Question

identify the solid that is represented by the net. then find its surface area. (all lengths are in feet.)

Explanation:

Step1: Identify the solid

The net represents a triangular - pyramid. It has a triangular base and 3 triangular faces meeting at a vertex.

Step2: Calculate the area of the base

The base is a triangle with base $b = 6$ feet and height $h = 5.2$ feet. The area of a triangle is $A_{base}=\frac{1}{2}\times b\times h$. So, $A_{base}=\frac{1}{2}\times6\times5.2 = 15.6$ square feet.

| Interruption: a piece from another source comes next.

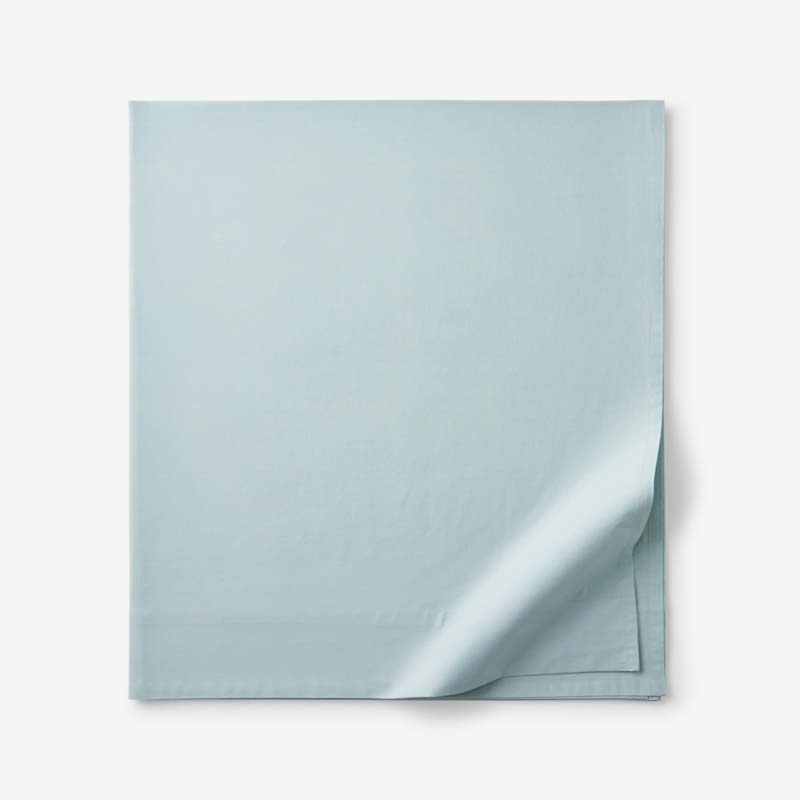 The Company Store Solid Garment Washed Cotton Percale Flat Bed Sheet In Blue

Step3: Calculate the area of the lateral faces

There are 3 lateral faces. Each lateral face has a base equal to a side of the base - triangle and height equal to 5 feet.
The three lateral - face areas:
For the first lateral face with base 6 feet: $A_1=\frac{1}{2}\times6\times5 = 15$ square feet.
For the second and third lateral faces (assuming the base - triangle is isosceles or we can calculate each separately), if we consider the other sides of the base - triangle, and using the same formula for the area of a triangle $A=\frac{1}{2}\times base\times height$, and since the height of each lateral face is 5 feet. Let's assume the base - triangle has sides such that the sum of the areas of the three lateral faces: $A_{lateral}=3\times\frac{1}{2}\times base\times5$. Since one base is 6 feet and assuming the other two are equal (from the symmetry of the net), we have $A_{lateral}=3\times\frac{1}{2}\times6\times5=45$ square feet.

Step4: Calculate the surface area

The surface area $A$ of the triangular - pyramid is the sum of the base area and the lateral - face areas. So, $A = A_{base}+A_{lateral}=15.6 + 45=60.6$ square feet.

Answer:

The solid is a triangular pyramid and its surface area is 60.6 square feet.